Anyway, the "reader voice" in my head is a bit bitchy right now, whining that I could have bought and read Bruce Wayne: Murderer?, Fugitive and also the Cataclysm TPB by now, if I hadn't decided on single issues for all of those, whereas the "collector" is all happy, because that part of me gets a thrill each time I get a new issue and doesn't care that I can't read any of them as long as I'm still missing random issues. I try to appease the whiny "reader voice" by pointing out that the TPBs wouldn't have contained all the issues or all pages of all issues, that for example according to my information the Cataclysm TPB reprints only 14 issues, and I'm not even sure it contains all pages of those. According to the info I've found it misses the Azrael issue, one of the Catwoman issues, the first of the Robin issues, as well as the Arkham special issue.

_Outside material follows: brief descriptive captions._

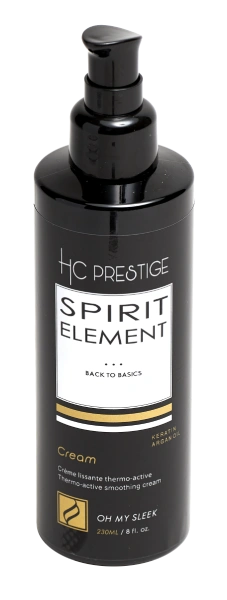 Crème lissante thermo active OH MY SLEEK 230ml - HC Prestige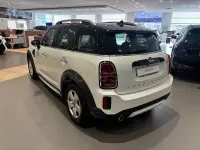 Occasion Mini Cooper Countryman 136 PK (100 kW) 2024 Wit SUV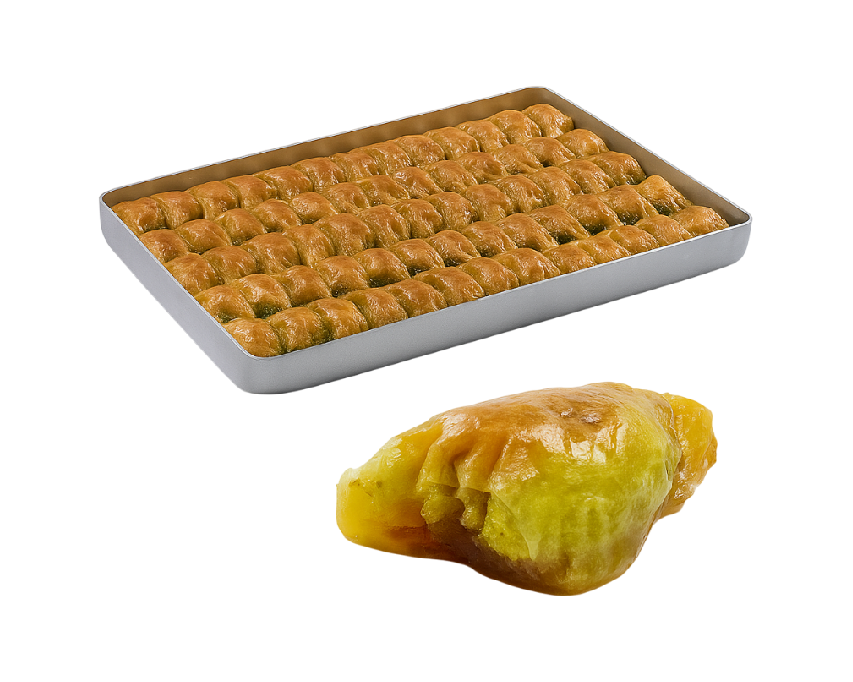 Fıstıklı Şöbiyet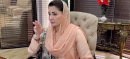 Maryam Nawaz Praises Pakistan Air Force (PAF)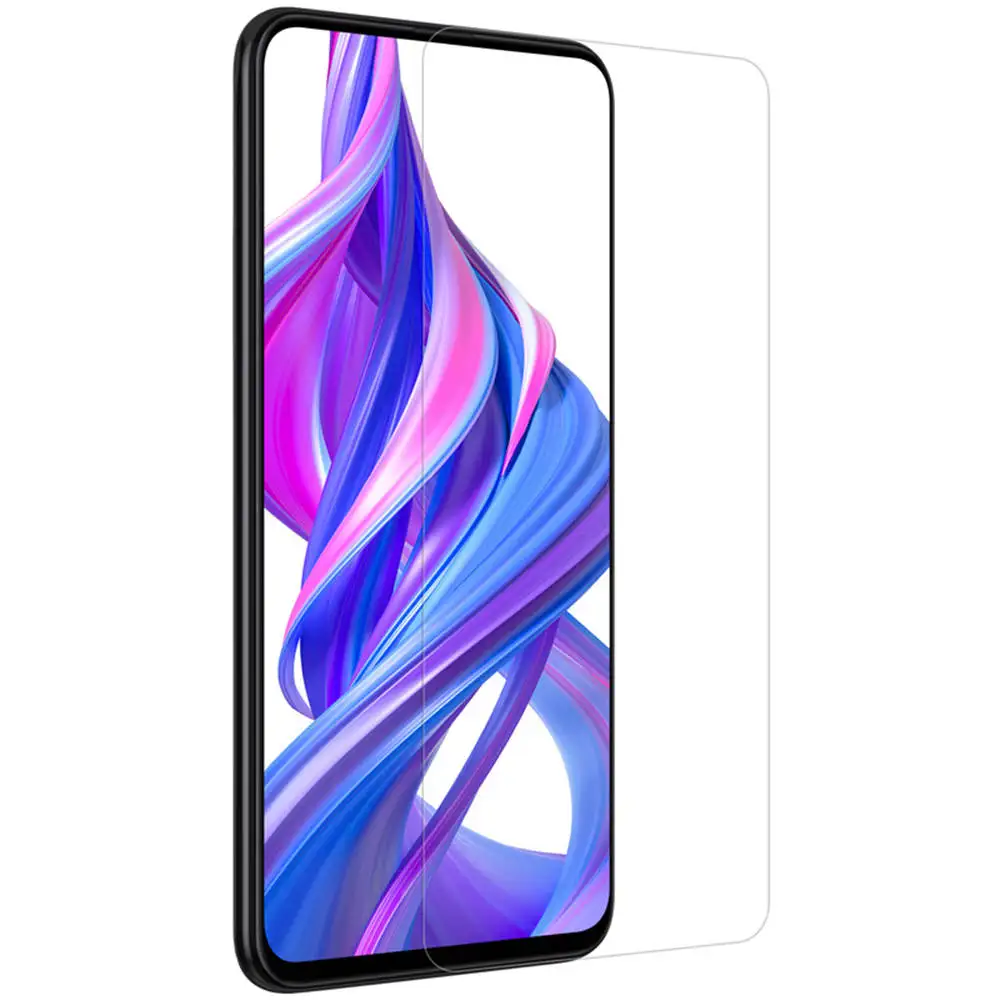 NILLKIN прозрачный Amazing H+ Pro закаленное стекло для мобильного телефона Y9 Prime Защитная пленка для экрана для huawei Honor 9X Pro Honor 20 8X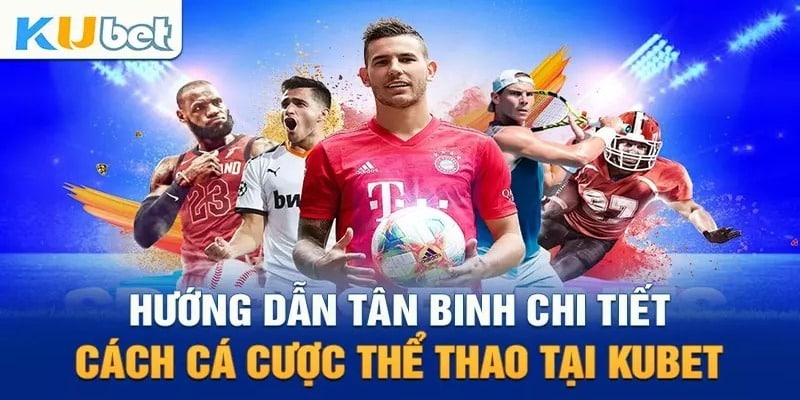 Sảnh đặt cược thể thao vô cùng sôi nổi, hấp dẫn từng phút giây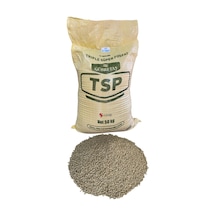 Gübretaş Tsp Triple Süper Fosfat Gübre 50 Kg 50 KG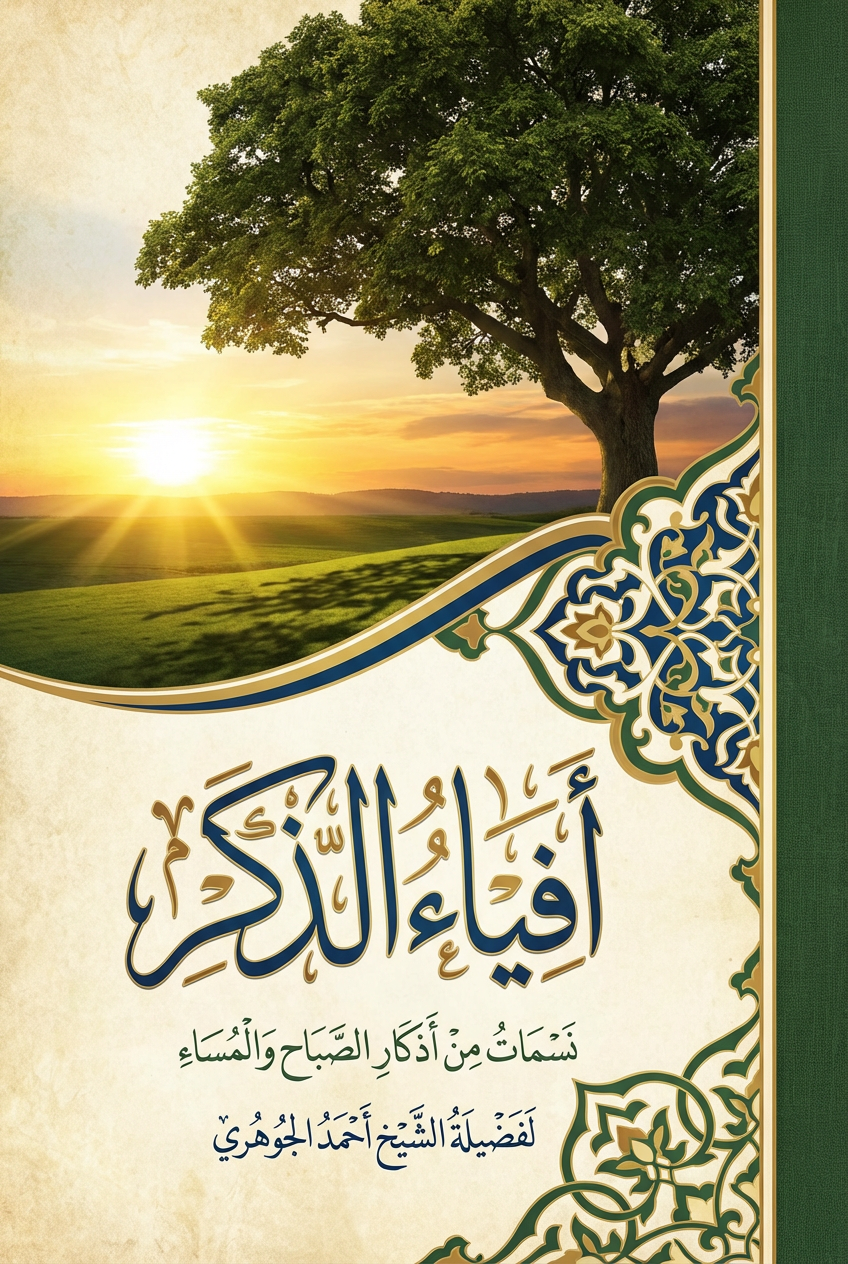 أفياء الذكر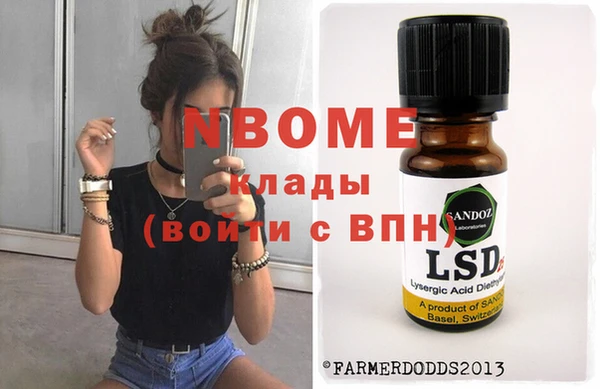 индика Данков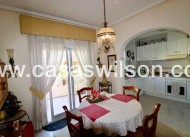 Sale - Townhouse - Ciudad Quesada - Doña Pepa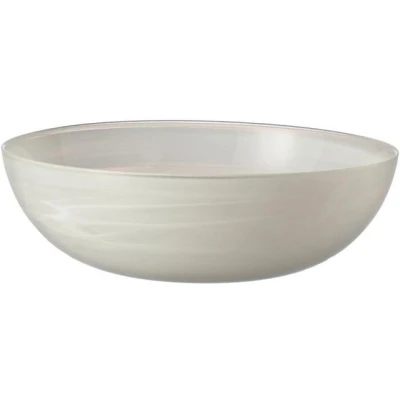 Abbildung von LEONARDO Schale ALABASTRO, Glas, 28 cm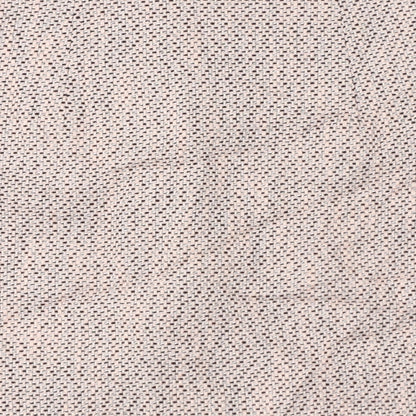 New Look Womens Pink Geometric Cotton A-Line Skirt Size 8 Zip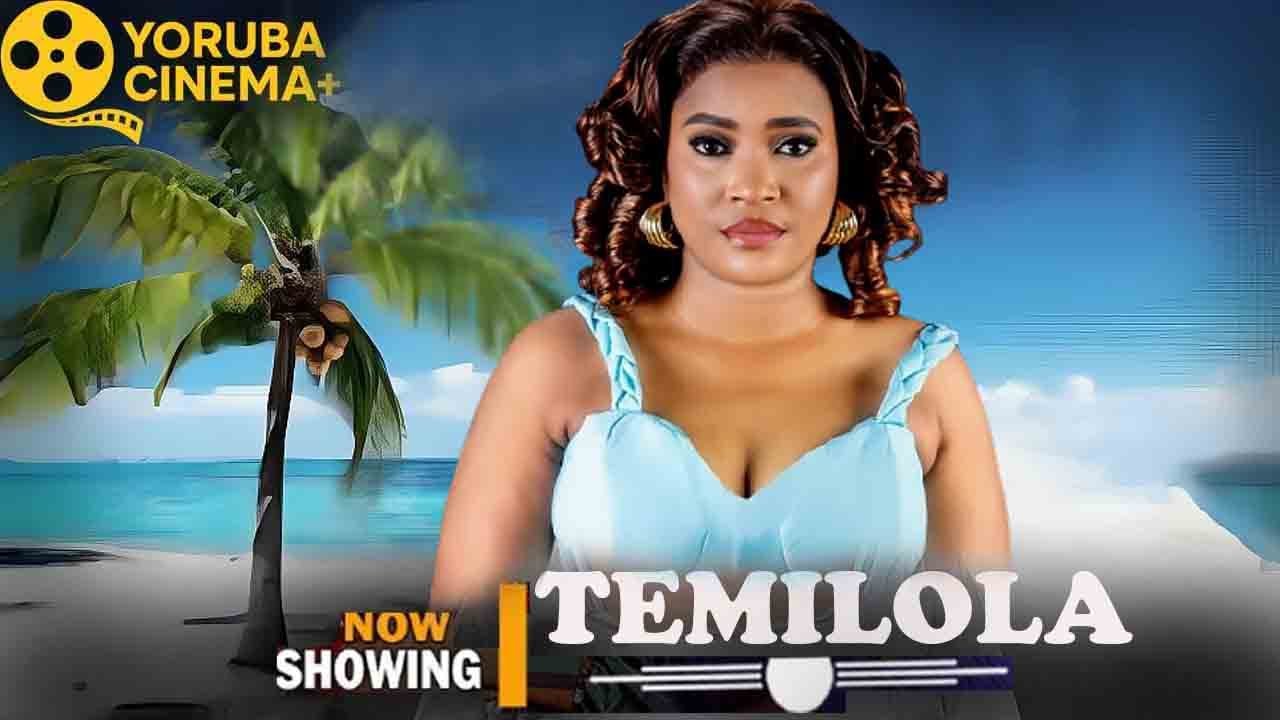 Temilola | Latest Yoruba Movies 2026 Antar Laniyan, Kehinde Adeyonju, Ayo Adesanya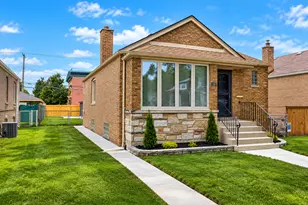 5352 S Neva Ave, Chicago, IL 60638 - Photo 2
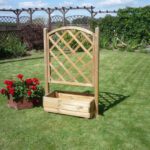 Donico-pergola JOANNA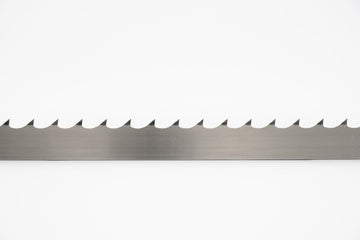 1.5" wide .045 Sawmill Band Blades Packs of 10, & Full Box - 0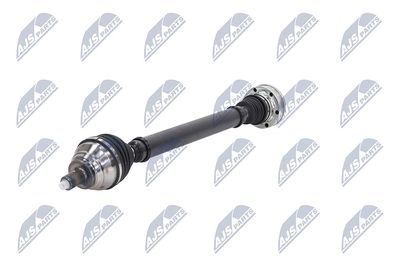 PLANETARA NTY NPWVW193 20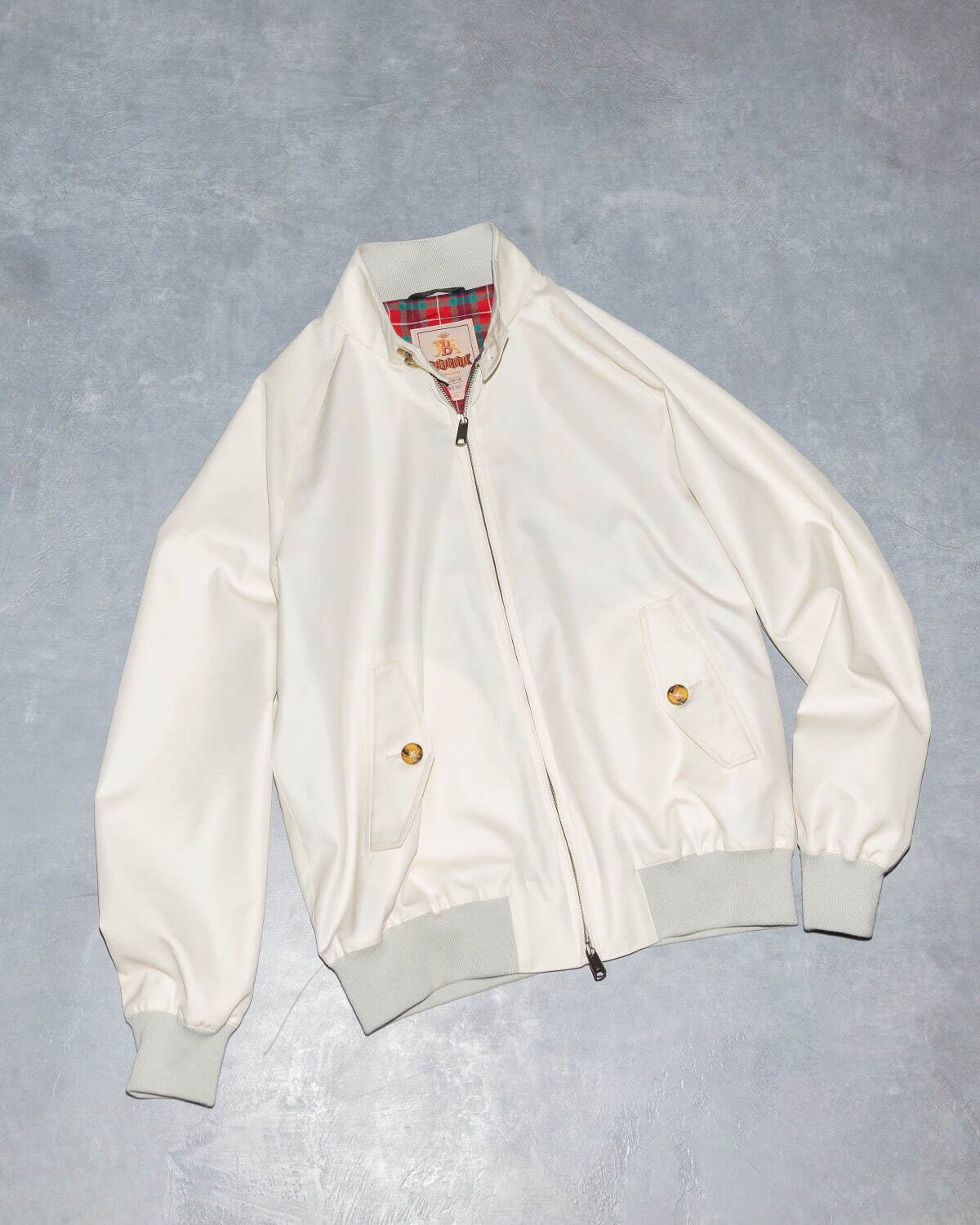 バラクータ(BARACUTA), ビューティー＆ユース ユナイテッドアローズ(BEAUTY&YOUTH UNITED ARROWS) G-9｜写真2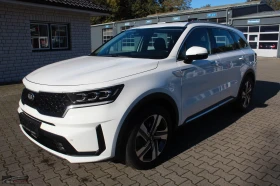 Kia Sorento 1.6PHEV/265HP/VISION/4X4/CAM/NAVI/DIGITAL/774vpr, снимка 1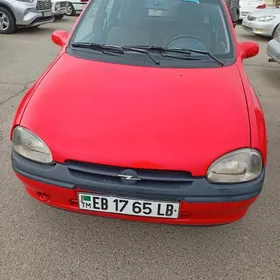 Opel Vita 1995
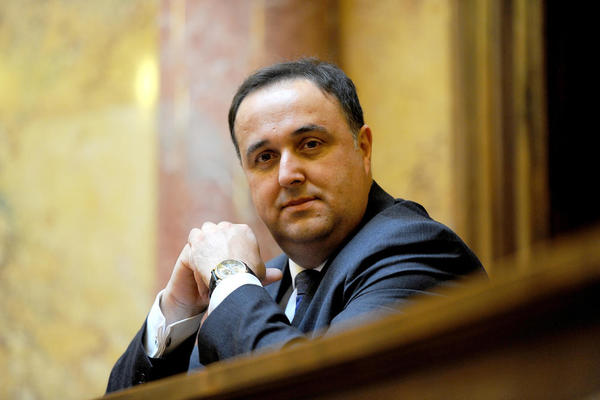 OGLASIO SE ZORAN BABIĆ: Izgubljen je ljudski život, podnosim NEOPOZIVU OSTAVKU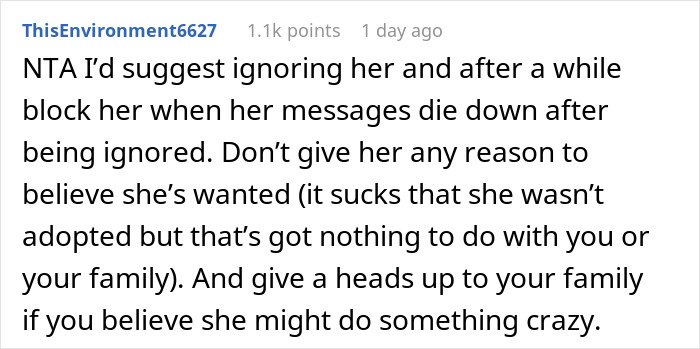 Woman Meets Bio Brother Who She Last Saw 20 Years Ago, Gets Upset As He Doesn’t Take Her Right In Woman Meets Bio Brother Who She Last Saw 20 Years Ago, Gets Upset As He Doesn’t Take Her Right In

Yet I also have a large pile of comics I can't read right now, insists the whiny "reader voice", thus sometimes it wins, and I go for the (often) cheaper instant gratification of buying a collection. Like I did so with the early Nightwing issues. And promptly I'm discontent in places with the selections they made for some of the collections *grin*.

As Goethe's Faust once said "Zwei Seelen wohnen, ach! in meiner Brust [...]"

Well, at least I'm not nearly as schizophrenic as poor Bruce...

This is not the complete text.